- Some drone sightings during the closure of Gatwick Airport before Christmas may have been of police drones, senior police officer says.
- Speaking on Saturday, Giles York, the Chief Constable of Sussex Police said that he could not rule out the possibility that some sightings of drones reported during the incident were of drones that police had flown over the airport for surveillance purposes.
- York said that there had been 115 reports of drone sightings during the incident, of which 92 had been confirmed as legitimate.
It is possible that some of the drone sightings that forced Gatwick Airport to close for nearly two days in the week before Christmas were of police drones which were themselves hunting the malicious drones which shut the airport, a senior police officer has said.
Speaking on BBC Radio 4’s Today programme on Saturday, Giles York, the Chief Constable of Sussex Police said that he could not rule out the possibility that some sightings of drones reported during the incident were of drones that Sussex Police had flown over the airport for surveillance purposes.

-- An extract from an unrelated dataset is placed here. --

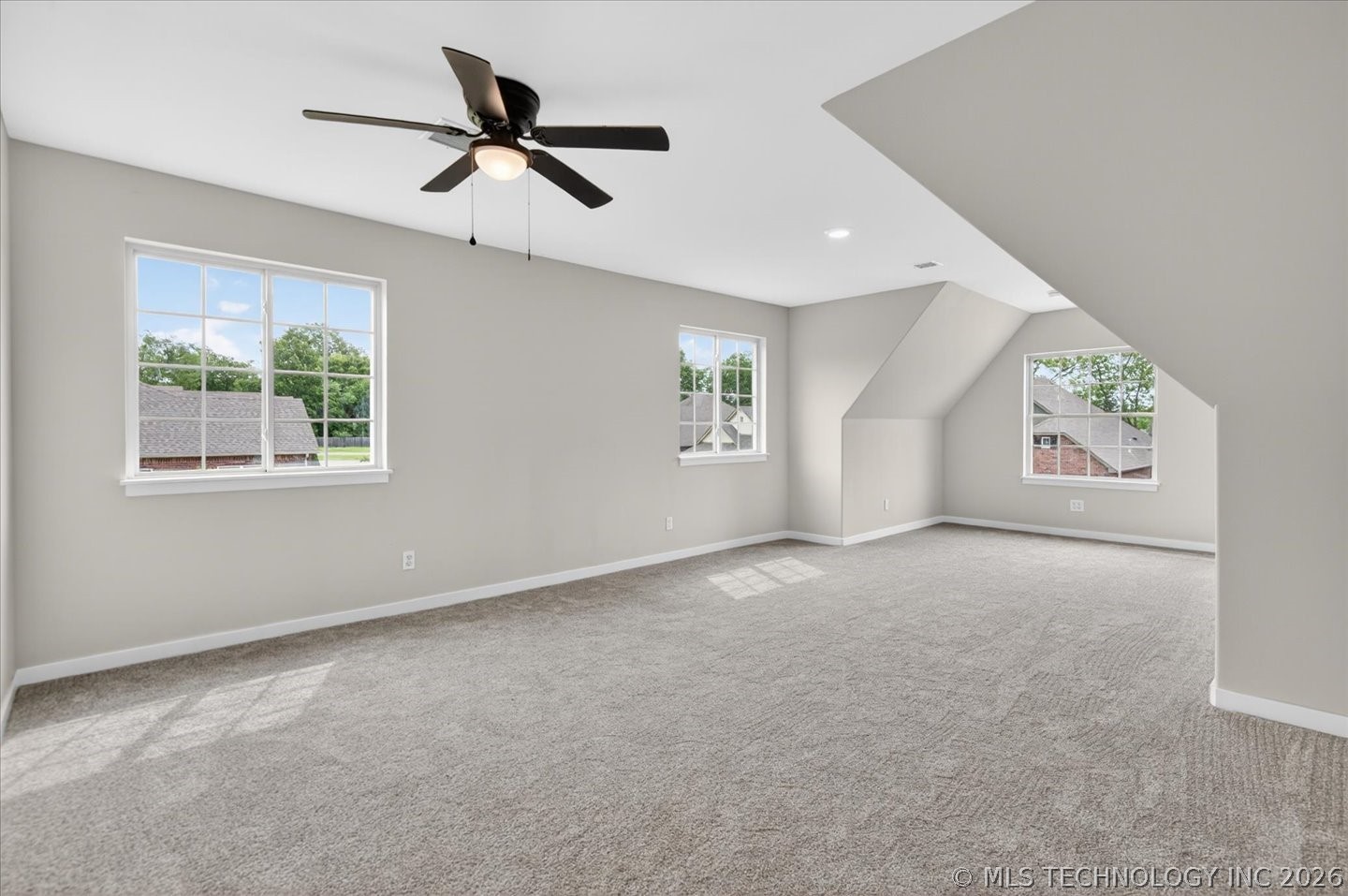 3224 Boardwalk Court Property Photo 36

“We will have launched our own Sussex police drones at the time, with a view to investigate, engage and survey the area. So there could be some level of confusion there as well,” York said after being questioned about a previous report that there may have been no drone at all.
Last week Detective Chief Superintendent Jason Tingley said there was “always a possibility that there may not have been any genuine drone activity in the first place,” because police relied on human witnesses to the sighting.
That statement has now been dismissed by both the government and Sussex Police.
York said that there had been 115 reports of drone sightings during the incident, of which 92 had been confirmed as legitimate.
“I’m absolutely certain that there was a drone flying throughout the period that the airport was closed,” he said.
“I myself spoke to an eyewitness yesterday who was on the roof of the airport with four other people seeing it. What they saw was corroborated by two police officers near the runway. They saw the same thing, doing the same description at the same time.”
York added that two drones found near the airport in recent days have now been ruled out of the investigation.
More than 120,000 passengers had their flights disrupted in some way when the airport closed down last week. About 1,000 aircraft were either canceled or diverted, according to the BBC.
The British army, who was deployed to Gatwick to respond to the drone reports last week, used unidentified military technology to help airport authorities with the situation, the BBC said.